§ **Exercise instructions**
Exactly the lines from the one containing "Belästigung: Hund rettet Frau" through the one containing "4lischroeder's profile banner image" in the listing below are to be copied, with the pictures left out.

§ **Supplied entries**

○ ○ ○ ○ ○

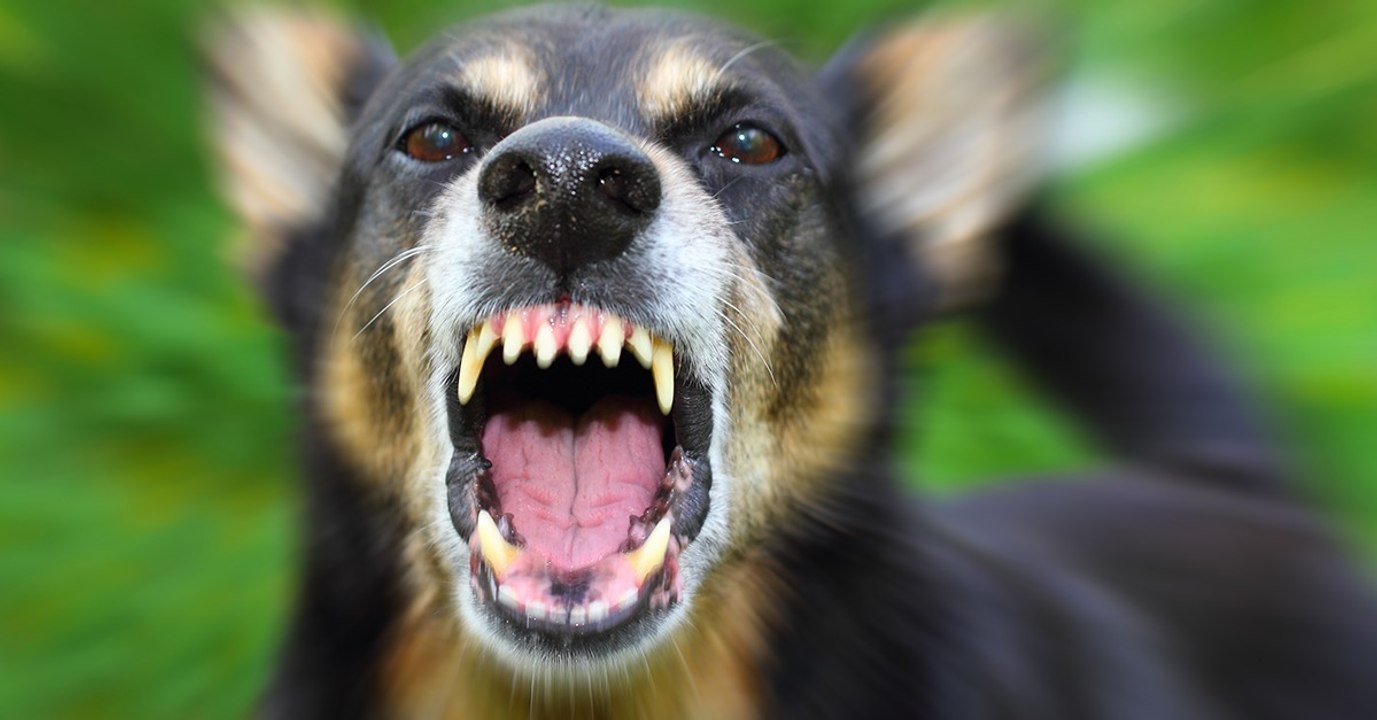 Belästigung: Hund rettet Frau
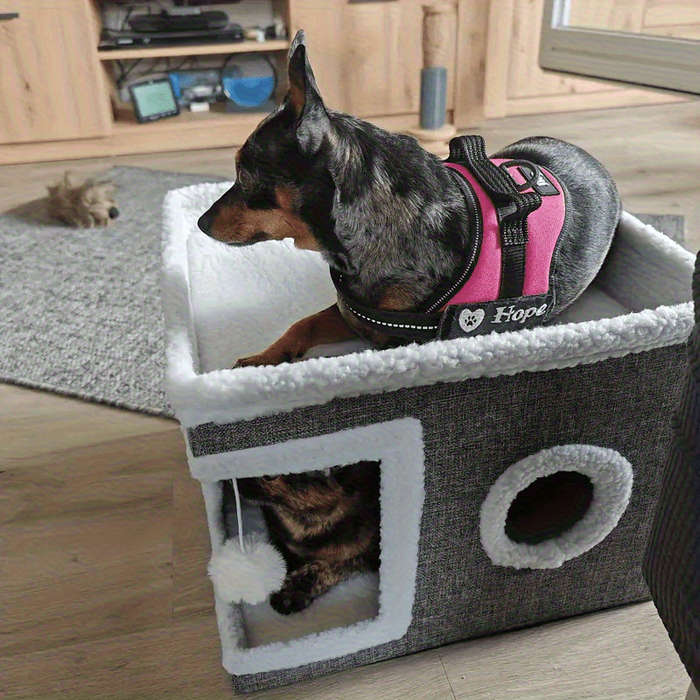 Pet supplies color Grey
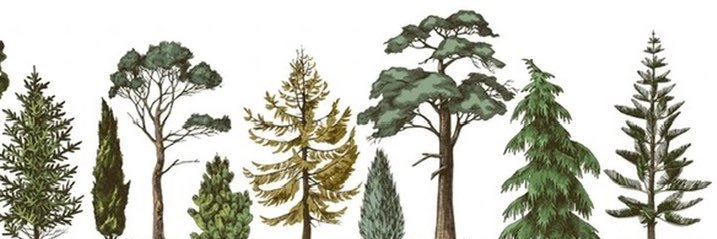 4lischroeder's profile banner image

○ ○ ○ ○ ○

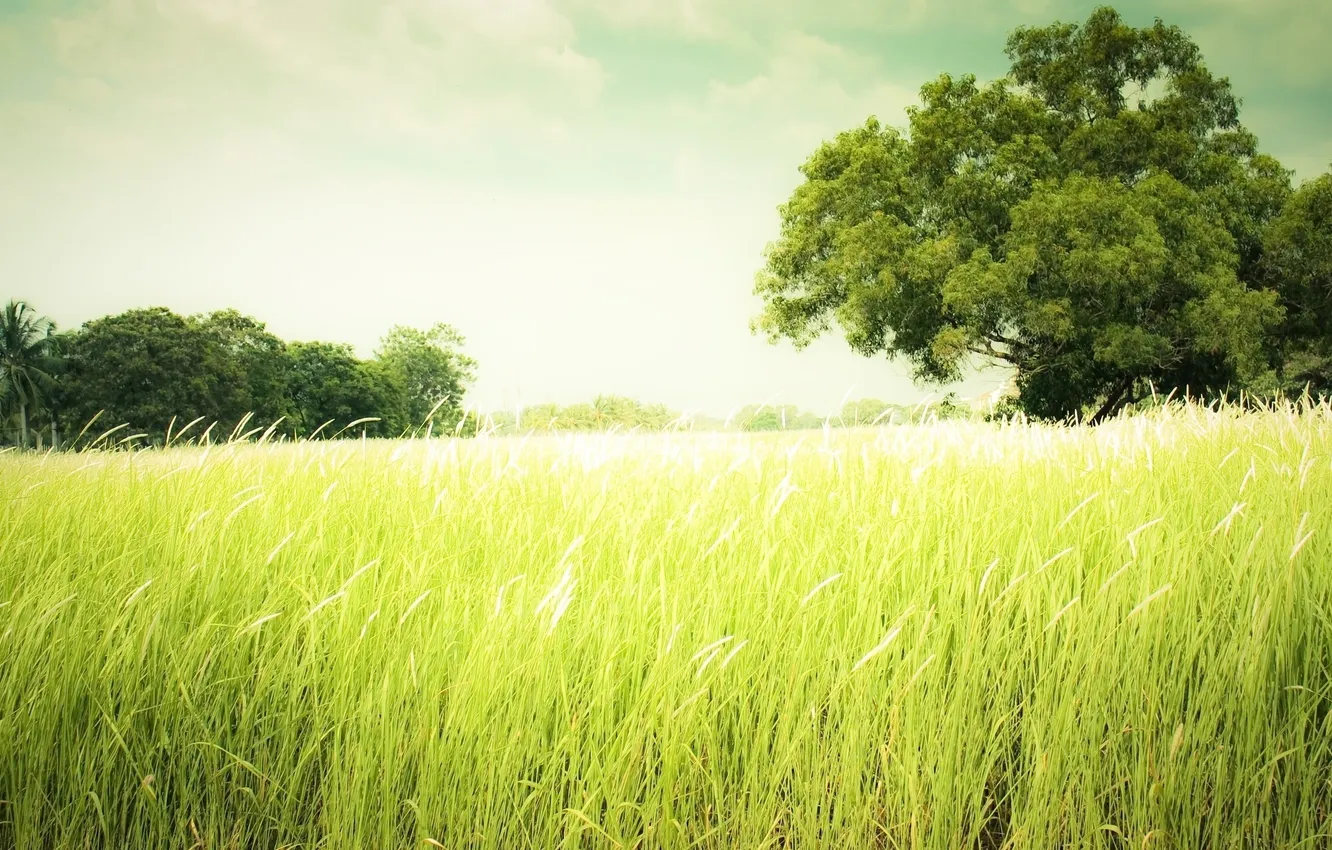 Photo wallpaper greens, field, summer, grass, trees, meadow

○ ○ ○ ○ ○

§ **Worked solution**
 Belästigung: Hund rettet Frau
 Pet supplies color Grey
 4lischroeder's profile banner image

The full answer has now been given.